The 20th century and contemporary art section had many unusual works of art. One that attracted me was the "Meena" by Sono Osato. It’s an unusual piece that was made of mixed media of oil, beeswax, asphalt and reclaimed objects on canvas mounted on wood panel. “Meena” is 87” x 73” American Neo-Dada created in 2005 and is in good condition overall, however some of the mixed media included isn’t in good condition. From a distance, the entire artwork looks the same, on closer examination you realize there’s small objects mixed in, some you can completely see, some partly hidden and others you can’t make out. I found a key and belt buckle in the mix. It reminded me that the general view doesn’t give you the whole picture, sometimes you have to look closer, which we sometimes fail to do. “Meena” is similar to “Collection” by Robert Rauschenberg. “Collection” shows almost pure hues of oil paint mixed with paper, fabric and metal, while “Meena” is neutral toned. In both cases the artwork is mixed media, asymmetrical with no clear subject, and keeps your eyes constantly searching the canvas.
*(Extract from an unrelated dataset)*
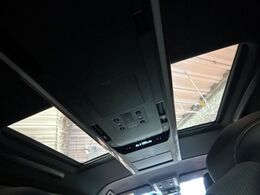 【ガラスルーフ】ガラスルーフ搭載で車内の解放感が一気にアップ！開放的なドライブをお楽しみいただけます。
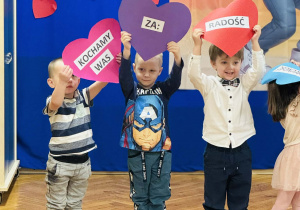 dzieci występują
In conclusion, I have listed four works that moved me, and compared them against fine art examples from our readings. The De Young houses an incredible amount of different art forms from around the world, in a vast assortment of mediums from glass sculptures to installations to architectural church models made out of bullets and gun parts. I thought It was a memorable experience to view all of the exhibits and I learned a lot from them.